Après la chute de Mossoul — précédée de Falloudja, suivie de Tikrit et d’autres villes —, les Occidentaux ont remobilisé, dans cette Babylone qu’ils croyaient avoir laissée à tout jamais en 2011, après les cauchemars du fils Bush. Une opération militaire a vite suivi, à l’été 2014, avec la mise en place d’une « coalition » arabo-occidentale censée, du haut des airs, aider le gouvernement irakien et les rebelles non islamistes de Syrie à reconquérir le terrain perdu. Avec quelques succès, comme la victoire de Kobané, au nord de la Syrie, où les Kurdes ont retrouvé leur ville… à l’état de ruines.


S’il est un pays directement concerné qui n’a pas perdu son temps, c’est l’autre grand voisin de l’Irak, sur son flanc est : l’Iran, ex-ennemi à l’époque de Saddam Hussein… devenu l’omniprésent Grand Frère chiite, grâce à l’invasion américaine qui a ouvert un boulevard à l’influence des ayatollahs en Irak.

On découvre aujourd’hui, non sans effarement, que les Iraniens tirent de plus en plus de ficelles en Irak : économiques, politiques… mais aussi militaires. D’ailleurs, à Tikrit, où une offensive en règle est en cours depuis huit jours, ce sont littéralement des Gardiens de la révolution iraniens — autant sinon plus que l’armée d’Irak proprement dite — qui mènent le bal contre l’État islamique.
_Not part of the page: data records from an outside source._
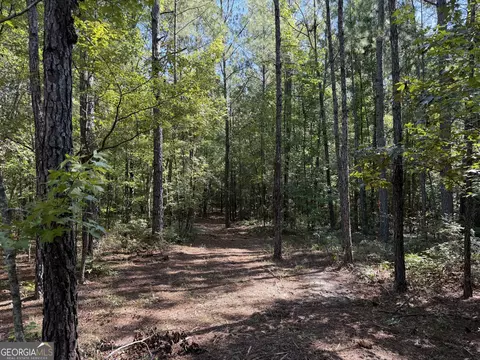 0 Pig Rd, Bartow, GA 30413 photo 39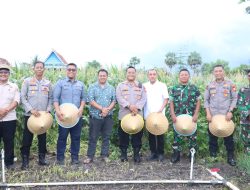 Bupati Jeneponto Hadiri Panen Raya Jagung Serentak Nasional, Perkuat Komitmen Ketahanan Pangan Daerah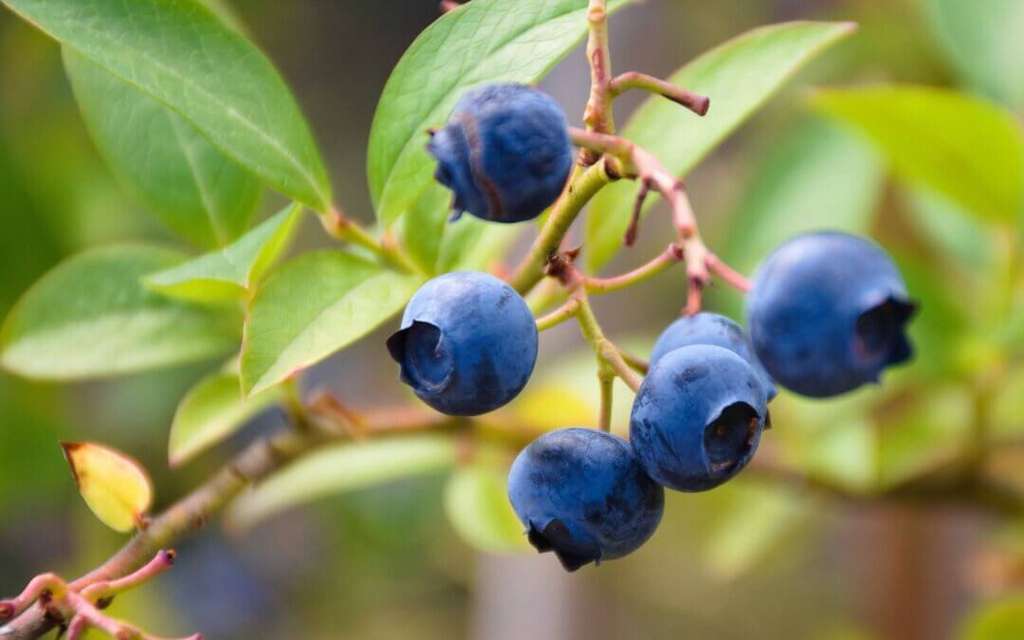 Aru00e1ndanos (Foto Freshuelva)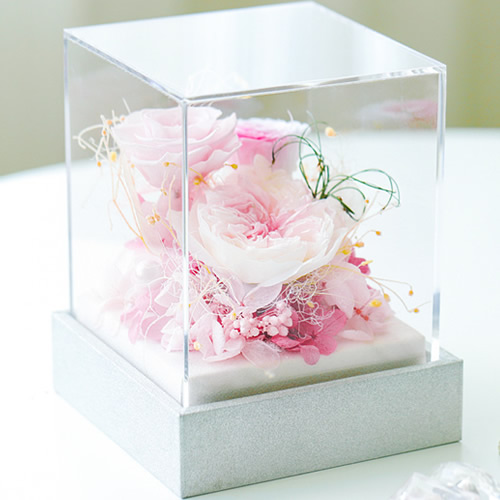 永生花：浪漫叙事 粉色款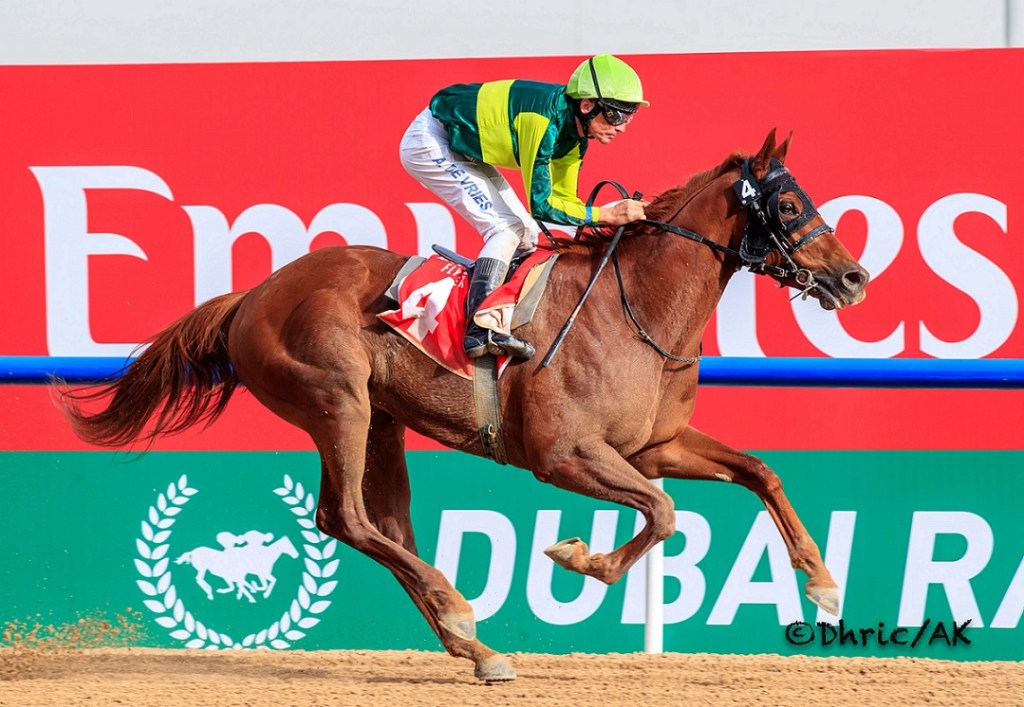 超級星期六第一部份,命令號令天下,漠土智慧守內側贏馬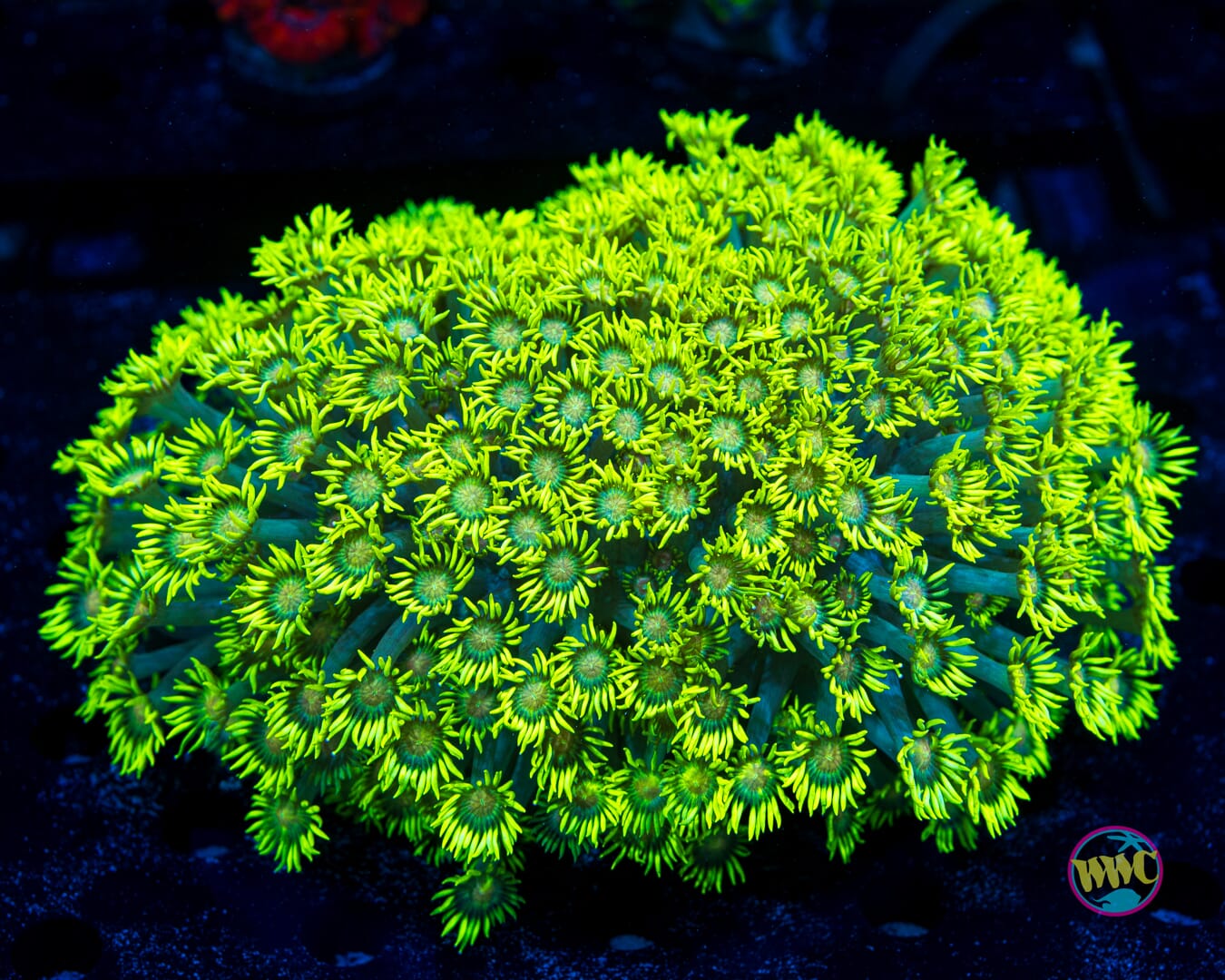 Nuclear Neon Goniopora - Daylight Photo
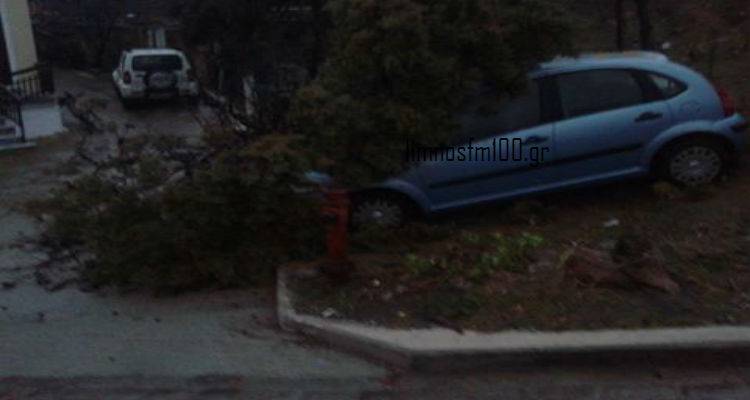 &Delta;έ&nu;&tau;&rho;&omicron; &kappa;&alpha;&tau;&alpha;&pi;&lambda;ά&kappa;&omega;&sigma;&epsilon; &alpha;&upsilon;&tau;&omicron;&kappa;ί&nu;&eta;&tau;&omicron; &sigma;&tau;&eta; &Mu;ύ&rho;&iota;&nu;&alpha; (photo)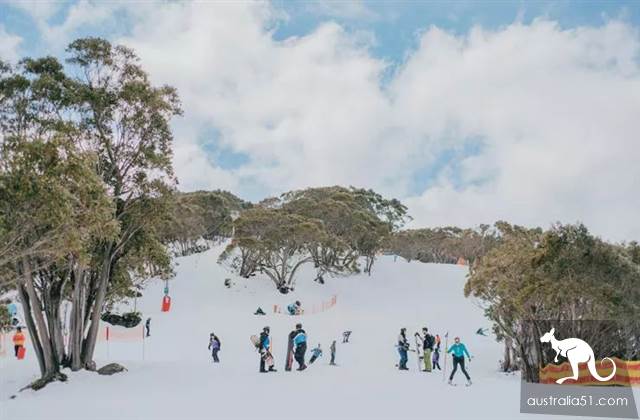 Excited! There's heavy snow around Melbourne, and the fun ski season begins! Skiing strategy in 2019 is the best.
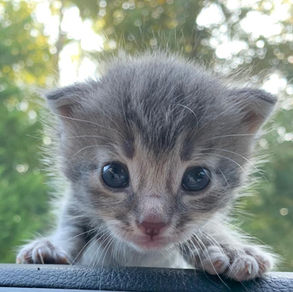 What To Do If You Find Kittens Outdoors (And When to Wait)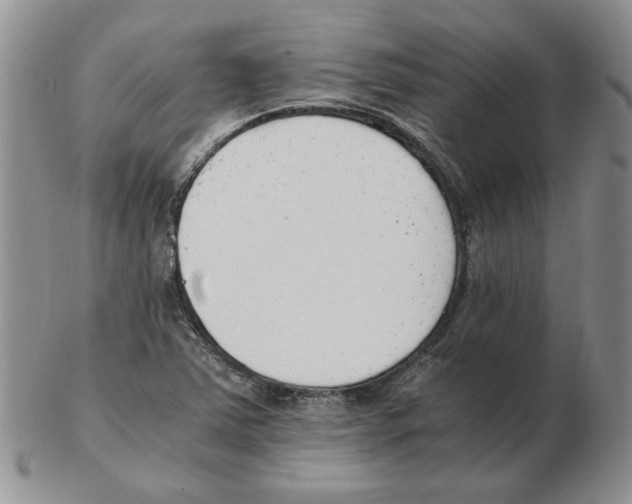 X0000102761363200809151005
Voilà où on en est : le grand pays chiite iranien guerroie en Irak (mais aussi à l’ouest et au sud de la Syrie) contre les extrémistes sunnites.

C’est donc une guerre chiite-sunnite, mais aussi une guerre de projection, par Téhéran, de sa puissance nouvelle, sans doute avec l’idée de consolider un « pays chiite » irakien. Quitte à laisser partir, à l’ouest, des lambeaux de « pays sunnite » (mais le moins possible) ainsi qu’un « pays kurde », au nord, dont les contours, au fait, existent déjà.
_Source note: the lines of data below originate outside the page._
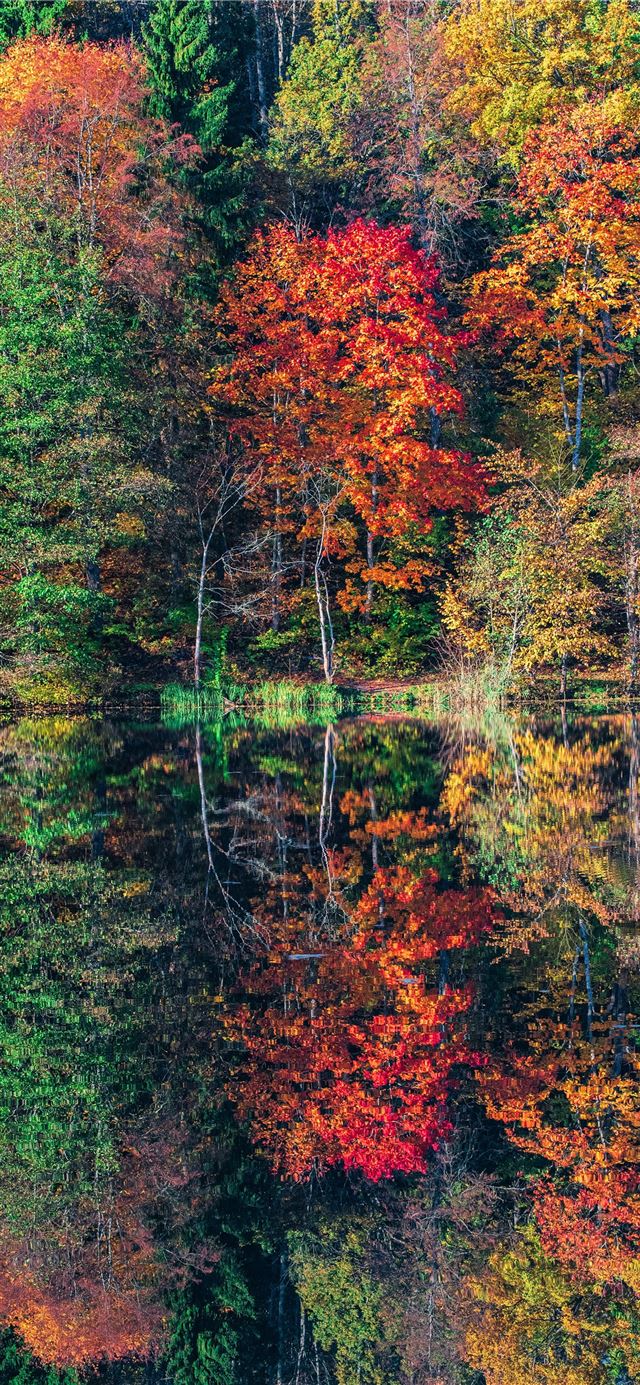 1080x1920 view of trees - autumn iPhone SE Wallpaper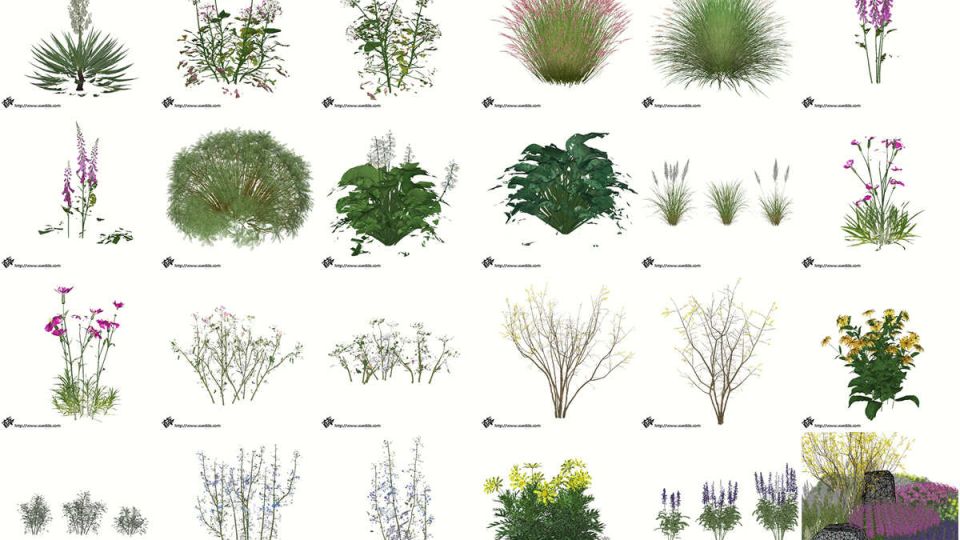 24个花镜植物SU模型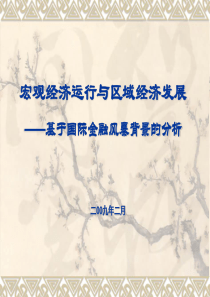 XXXX宏观经济运行与区域经济发展-基于国际金融风暴背景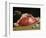 Still Life, the Joint of Meat, 1864-Claude Monet-Framed Giclee Print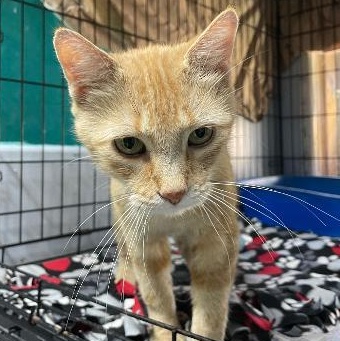 Enlarge Sally, a Adopted Domestic Short Hair in Spencer, IN image 2/3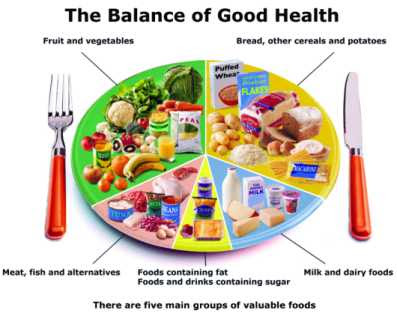 food chain pyramid worksheet. food pyramid worksheets.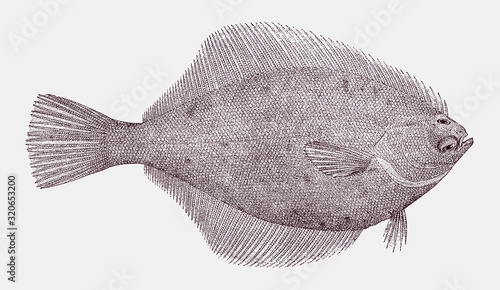 Yellowfin sole limanda aspera, highly commercial food fish from the North Pacific ocean in topside view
Que font les Américains, à nouveau présents en Irak avec avions et conseillers ? Curieusement, à Tikrit, ils s’abstiennent de fournir un soutien aérien contre l’EI, comme ils l’avaient pourtant fait en d’autres lieux à l’automne. Soit qu’ils sont mal à l’aise devant la spectaculaire démonstration de force iranienne. Soit, au contraire, qu’ils s’en accommodent très bien et font confiance aux troupes de la Force al-Qods de Téhéran pour faire reculer des djihadistes sunnites devenus l’ennemi principal.

Sur le terrain en Irak, depuis six mois, Washington a toujours nié quelque coordination que ce soit avec l’Iran. Mais c’est un secret de Polichinelle que, par le biais d’officiers irakiens, une telle coordination existe de facto : aux Iraniens l’appui au sol avec fantassins et généraux, aux Américains le soutien aérien…


Tout cela se déroule en Irak, alors même que — malgré l’intervention sans précédent de Benjamin Nétanyahou, la semaine dernière à Washington pour dénoncer le « danger nucléaire iranien » — une entente historique se dessine entre l’Iran et ses interlocuteurs de la communauté internationale. Tout particulièrement, Barack Obama et John Kerry semblent de plus en plus clairement désirer, d’ici la fin mars, la signature d’un protocole avec Téhéran sur le contrôle de son programme nucléaire.

Printemps arabe avorté. Explosion du djihad sunnite. Rapprochement irano-américain. Refroidissement avec Israël et l’Arabie saoudite. Fractionnement de la Syrie et de l’Irak… Nous assistons à un véritable séisme géopolitique au ralenti, dont le Moyen-Orient sortira bouleversé.